Turchia La Corte europea dei diritti dell'uomo multa Ankara: processo iniquo e violazione del diritto di espressione del giornalista e romanziere, in carcere dal settembre 2016. Ma nella sentenza manca il richiamo alla natura politica della sua condanna
Turchia La Corte europea dei diritti dell'uomo multa Ankara: processo iniquo e violazione del diritto di espressione del giornalista e romanziere, in carcere dal settembre 2016. Ma nella sentenza manca il richiamo alla natura politica della sua condanna
«Continuerò a dire la verità. Ho detto la verità tutta la vita. Non sono il genere d’uomo che agisce per vigliaccheria e sperpera i tanti decenni che ha già vissuto per amore dei pochi anni che gli rimangono». Così Ahmet Altan, di fronte al pubblico ministero che dopo il tentato golpe del 2016 lo accusava di avervi preso parte, si sollevava sopra l’aula di tribunale con tutta la sua statura di uomo libero e di giornalista.
In prigione dal primo settembre 2016, Altan è tra i più noti scrittori e giornalisti turchi. Ieri è stata la Corte europea dei diritti dell’uomo a trattare il suo caso, insieme a quello del giornalista Murat Aksoy, rispondendo a una condanna pretestuosa con una condanna puntuale: incarcerandolo la Turchia, dice la Corte nella sentenza, ha violato i suoi diritti alla libertà, alla sicurezza e a un processo equo e la sua libertà di espressione. Perché la libertà di svolgere il suo lavoro è il cuore della durissima pena inflittagli dal sistema giudiziario turco: avrebbe inviato messaggi subliminali pro-golpe durante un programma tv andato in onda mesi prima.

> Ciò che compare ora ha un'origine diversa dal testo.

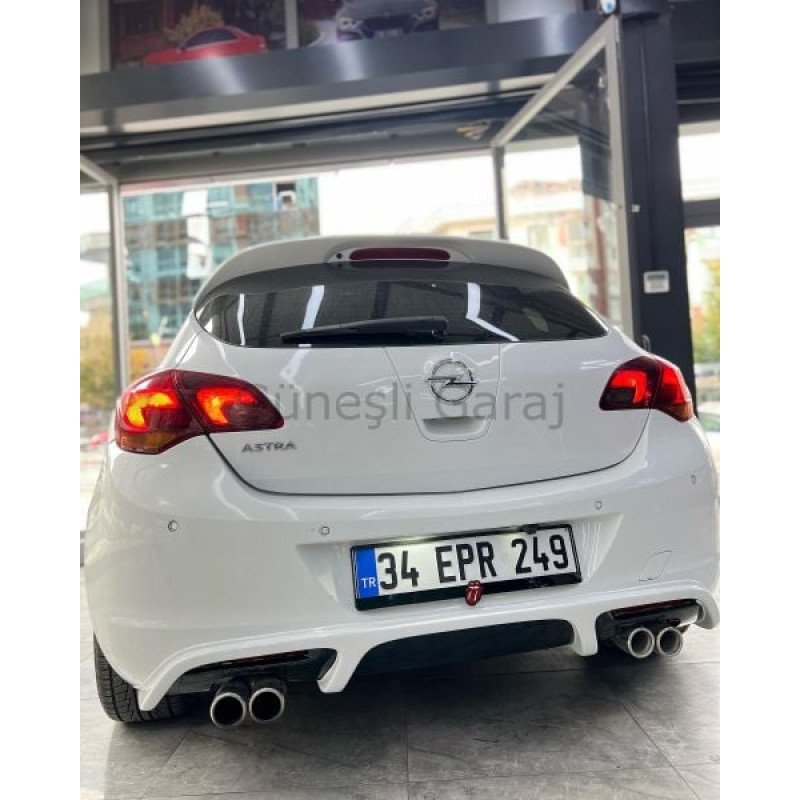 Opel Astra J Hb İrmscher Difüzör (Plastik)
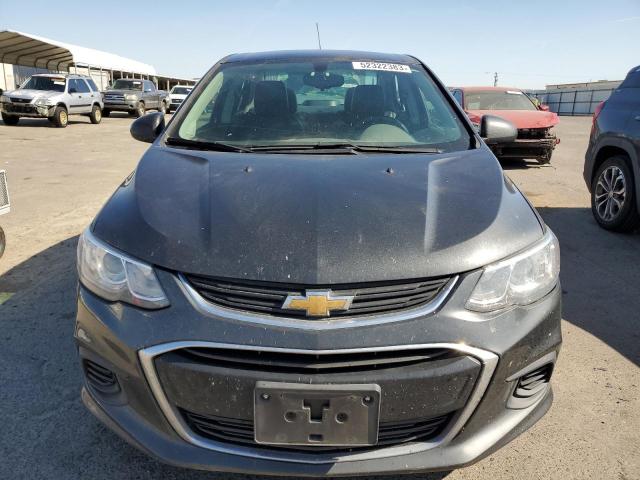 Photo 5 from auction – 2019 CHEVROLET SONIC PREM with VIN 1G1JF5SB7K4129727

Un’accusa da romanzo distopico che gli è costata prima una condanna all’ergastolo aggravato (senza possibilità di sconti di pena) nel 2018, stracciata in appello nel 2019, e poi un nuovo processo concluso con una pena di 10 anni e mezzo di prigione per sostegno a organizzazione terroristica (il movimento Hizmet dell’imam Fethullah Gulen). Fuori dal carcere ha trascorso appena un giorno, meno di 24 ore di rinnovata libertà prima di essere riarrestato. Lo scorso 2 marzo ha “festeggiato” i suoi 71 anni dentro il famigerato carcere di Silivri, nuova casa dei prigionieri politici turchi.
«La Corte – si legge nella sentenza emessa ieri a Strasburgo e che condanna la Turchia a pagare 16mila euro in danni ad Altan – ha trovato che le critiche del richiedente all’approccio politico del presidente (Erdogan) non possano essere intese come la prova che fosse a conoscenza del tentato golpe in anticipo. Per questo la logica applicata al caso dalle autorità non può essere considerata una valutazione accettabile dei fatti». Insomma, pur non spingendosi a definirla una crociata politica, per la Corte dietro la detenzione non c’è alcuna giustificazione legale né sospetti ragionevoli della commissione di un reato.
«Altan è stato arrestato perché era nel mirino del potere politico e dei media vicini al governo – il commento dell’avvocato del giornalista Veysel Ok – La Corte ha stabilito che la sua detenzione non è politica. In questo senso, è mancante».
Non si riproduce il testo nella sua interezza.